I will say that he did his job – for the banks.
(From Wall Street on Parade)
In an article by Jo Becker and Gretchen Morgenson published by the New York Times on April 26, 2009, Geithner admits that Sandy Weill spoke with him about becoming Citigroup’s CEO after Prince resigned following multi-billion dollar losses in late 2007. Were Geithner’s many trips to Citigroup actually job auditions? Geithner turned down the job offer and went on to become U.S. Treasury Secretary in 2009 where his advocacy for Citigroup’s survival played a far more important role than he could have as its CEO.

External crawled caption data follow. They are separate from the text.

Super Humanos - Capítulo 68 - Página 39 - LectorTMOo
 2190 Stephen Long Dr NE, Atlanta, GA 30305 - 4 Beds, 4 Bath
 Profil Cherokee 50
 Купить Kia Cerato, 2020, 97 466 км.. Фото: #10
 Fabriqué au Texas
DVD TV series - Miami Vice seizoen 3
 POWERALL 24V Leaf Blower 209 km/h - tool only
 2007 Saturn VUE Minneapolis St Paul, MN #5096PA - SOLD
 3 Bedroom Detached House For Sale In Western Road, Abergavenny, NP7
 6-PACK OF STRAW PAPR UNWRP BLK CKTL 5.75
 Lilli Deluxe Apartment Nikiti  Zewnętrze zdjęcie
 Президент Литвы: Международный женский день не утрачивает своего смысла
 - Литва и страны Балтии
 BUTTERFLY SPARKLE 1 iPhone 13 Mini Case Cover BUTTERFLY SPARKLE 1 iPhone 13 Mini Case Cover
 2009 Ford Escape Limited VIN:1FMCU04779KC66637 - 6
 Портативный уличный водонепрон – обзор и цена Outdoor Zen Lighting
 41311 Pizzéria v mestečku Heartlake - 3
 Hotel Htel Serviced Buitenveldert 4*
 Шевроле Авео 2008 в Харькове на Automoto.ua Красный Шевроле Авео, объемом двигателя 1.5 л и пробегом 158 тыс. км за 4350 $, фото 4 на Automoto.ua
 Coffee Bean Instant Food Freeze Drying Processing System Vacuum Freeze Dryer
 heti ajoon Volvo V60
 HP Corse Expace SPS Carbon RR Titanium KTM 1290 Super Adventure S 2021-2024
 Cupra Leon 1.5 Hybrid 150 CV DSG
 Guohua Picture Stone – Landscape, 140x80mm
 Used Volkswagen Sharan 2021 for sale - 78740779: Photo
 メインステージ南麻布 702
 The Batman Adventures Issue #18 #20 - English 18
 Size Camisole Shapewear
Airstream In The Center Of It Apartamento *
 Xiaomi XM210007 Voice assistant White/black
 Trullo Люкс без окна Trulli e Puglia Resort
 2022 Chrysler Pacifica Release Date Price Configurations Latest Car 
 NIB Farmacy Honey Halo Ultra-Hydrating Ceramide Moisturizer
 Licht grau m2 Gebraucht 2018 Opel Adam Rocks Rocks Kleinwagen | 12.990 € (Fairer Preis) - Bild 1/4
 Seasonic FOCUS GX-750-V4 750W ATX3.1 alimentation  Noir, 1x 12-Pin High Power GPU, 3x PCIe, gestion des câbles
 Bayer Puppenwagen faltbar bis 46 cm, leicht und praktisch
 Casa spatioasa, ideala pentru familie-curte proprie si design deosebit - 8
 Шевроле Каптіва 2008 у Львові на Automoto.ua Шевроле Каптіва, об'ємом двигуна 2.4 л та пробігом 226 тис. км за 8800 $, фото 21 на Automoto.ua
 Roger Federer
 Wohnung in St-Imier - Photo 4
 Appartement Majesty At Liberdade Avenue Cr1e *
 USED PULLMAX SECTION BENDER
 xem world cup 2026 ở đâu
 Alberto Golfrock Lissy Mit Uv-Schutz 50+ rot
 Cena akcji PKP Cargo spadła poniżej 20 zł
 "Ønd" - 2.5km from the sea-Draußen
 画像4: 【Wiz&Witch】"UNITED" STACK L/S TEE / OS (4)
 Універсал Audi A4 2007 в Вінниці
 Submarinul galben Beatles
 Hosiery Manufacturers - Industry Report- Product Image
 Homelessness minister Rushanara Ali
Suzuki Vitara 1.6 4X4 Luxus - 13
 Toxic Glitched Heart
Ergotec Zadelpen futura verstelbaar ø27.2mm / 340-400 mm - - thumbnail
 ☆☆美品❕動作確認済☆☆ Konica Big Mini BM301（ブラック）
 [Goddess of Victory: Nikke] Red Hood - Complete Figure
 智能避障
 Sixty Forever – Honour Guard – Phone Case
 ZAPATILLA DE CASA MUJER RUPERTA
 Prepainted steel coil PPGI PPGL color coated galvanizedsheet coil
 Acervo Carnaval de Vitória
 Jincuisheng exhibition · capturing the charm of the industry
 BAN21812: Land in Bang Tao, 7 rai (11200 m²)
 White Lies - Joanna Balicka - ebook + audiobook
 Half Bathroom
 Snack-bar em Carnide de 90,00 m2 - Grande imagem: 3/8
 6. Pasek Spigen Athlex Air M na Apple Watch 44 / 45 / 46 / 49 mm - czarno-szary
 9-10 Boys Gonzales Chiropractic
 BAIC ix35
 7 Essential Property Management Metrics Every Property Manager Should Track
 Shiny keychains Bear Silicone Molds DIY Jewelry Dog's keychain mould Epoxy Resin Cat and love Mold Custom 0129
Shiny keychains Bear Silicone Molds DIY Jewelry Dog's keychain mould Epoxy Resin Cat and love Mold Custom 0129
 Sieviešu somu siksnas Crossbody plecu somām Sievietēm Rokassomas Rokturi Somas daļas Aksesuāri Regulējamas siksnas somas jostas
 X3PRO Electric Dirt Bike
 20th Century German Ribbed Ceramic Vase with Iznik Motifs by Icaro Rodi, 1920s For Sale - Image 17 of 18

The other troubling possibility is that Geithner did not take other staff with him from the New York Fed because he was strategizing with Citigroup on how to resolve their massive financial problems. Indeed, on April 7, 2008, Geithner’s appointment calendar shows that a meeting was convened at the New York Fed and given the title: “Citigroup Strategy, Structure & Personnel Issues.” The meeting was attended by Geithner, Citigroup CEO Vikram Pandit, Citigroup Vice Chairman Lewis Kaden, and several staffers at the New York Fed. The meeting was held after hours, from 5:30 to 6:30 p.m.
Strategizing on a company’s structure and personnel issues does not sound like the job of a regulator but the job of a competent CEO and Board of Directors.